I was presuming that he is badly hurt, ramping up the drama of Baldwin being stranded. I hadn’t thought that his death might send Dad on a suicide mission. Interesting…
I am too burned by Disney’s mauling of the franchise to be moved enough to invest in their channel. Of their offerings, only Rogue One comes close to rising above the level of the prequels and, even then, it’s only really the last hour that is worth repeat viewings (I skip forward to the Yavin control room scene and watch from there).
I am slowly building a library of the MCU movies - buying the Blu Rays when they’re on sale - that will render moot the need to subscribe to Disney+, barring some amazing new thing that isn’t available elsewhere.
I’m avoiding the Mandalorian until it’s all out and I can binge, but in the meantime Watchmen has been a pretty damn good show. Great atmosphere and world-building, and we’ll see where it goes.
Not sure how someone who had no knowledge of the comic backstory would like it though.
I started reading The Expanse books a couple weeks ago based on recommendations here and at work and an Amazon Deal of the Day. I finished the first book in record time and was about 1/3 of the way through the second book when I came down with the flu last week. I kept having frightening thoughts about the protomolecule during my several barely-lucid days.
The crew of Apollo 24 are whizzing off into the black and the still-stranded Baldwin just killed/murdered one of the Russians on the moon.
I m not sure if the Russians are truly up to no good. They sent the message about Baldwin’s son and the show is called “For ALL Mankind”.
Hence my thought that it was possibly an unjustified killing.
This show has been full of surprises at the back end of the season. I’m looking forward to the finale, but not to the mind-fuck cliffhanger it’ll leave us with.

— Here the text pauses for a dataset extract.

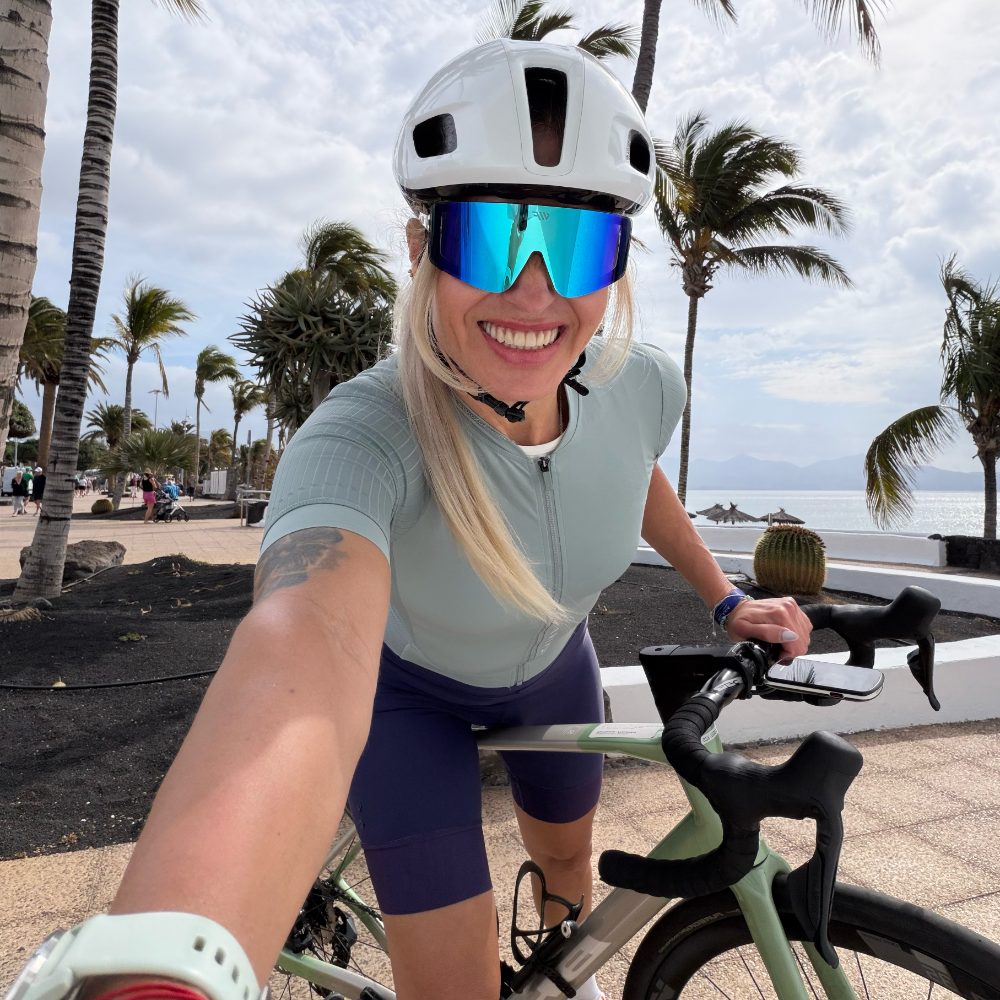 Ciclista con gafas VIF Flex Ice Blue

In TV/movies that try to be somewhat realistic representations of science fiction (i.e. not Star Trek, Star Wars, BSG, etc.), I’ve never really been a fan of the “hit the bullseye from really far away in space just by eyeballing it” trope. Hated it in Gravity, didn’t love it in The Martian. At least the ships were flying in relatively close formation in this episode, but still… “I’m going to shove this fuel tank a few hundred feet to the other ship while in orbit and it’s definitely not going to miss by an insurmountable distance.” Even though Ed couldn’t dock with them, he could’ve reduced the margin of error quite a bit just by getting closer. But, drama!
That said, I thought it was a good finale. With the reflection of Jamestown in the cosmonaut’s visor, they sure did a head-fake to him sabotaging the base after Ed took off. I kept waiting for something to happen to Ellen during her interview.

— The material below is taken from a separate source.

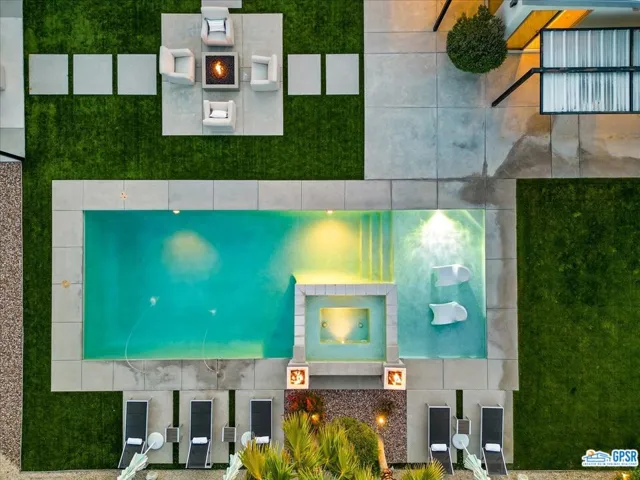 3080 Goldenrod Lane, Palm Springs, California 92264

AND, stay tuned through the end credits because…
Another spoiler
the blastoff of the new booster from the ocean was fucking badass.

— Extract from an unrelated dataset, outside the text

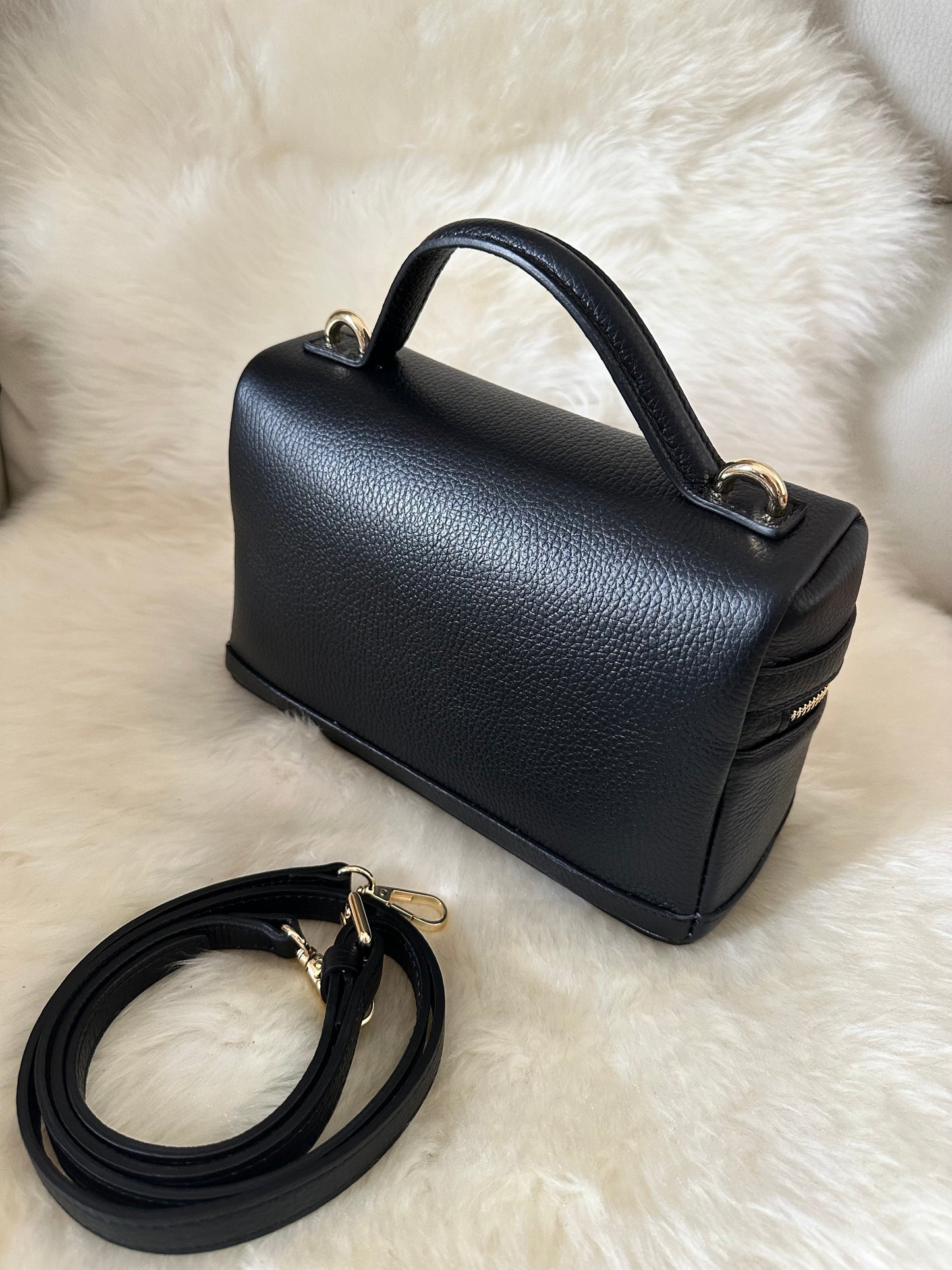 VANITY BAG - real leather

Series looks like it’s jumping forward to at least the early/mid-80s and they’re launching nuclear fuel into space now, so things figure to look less and less like our own history in season 2. Found an interview with Ron Moore where he said that all of the core characters will be back and that the US/Soviet conflict in space is going to be cranked up quite a bit.
I suspect the Rooskie put some kind of listening and/or sabotage device in the Jamestown base. That was definitely a mind-fuck for us to noodle on until the next series.
I don’t get Baldwin not warning Ellen about the Russian activity, though. Even if he doesn’t get into details of his personal interaction.
Throwing the fuel pod was a bit of nonsense, but no worse than finding Cobb in the vastness of 3D space. At least it was a strike, so they made it more dramatic.
I didn’t watch through the credits. I’ll have to go back and do that.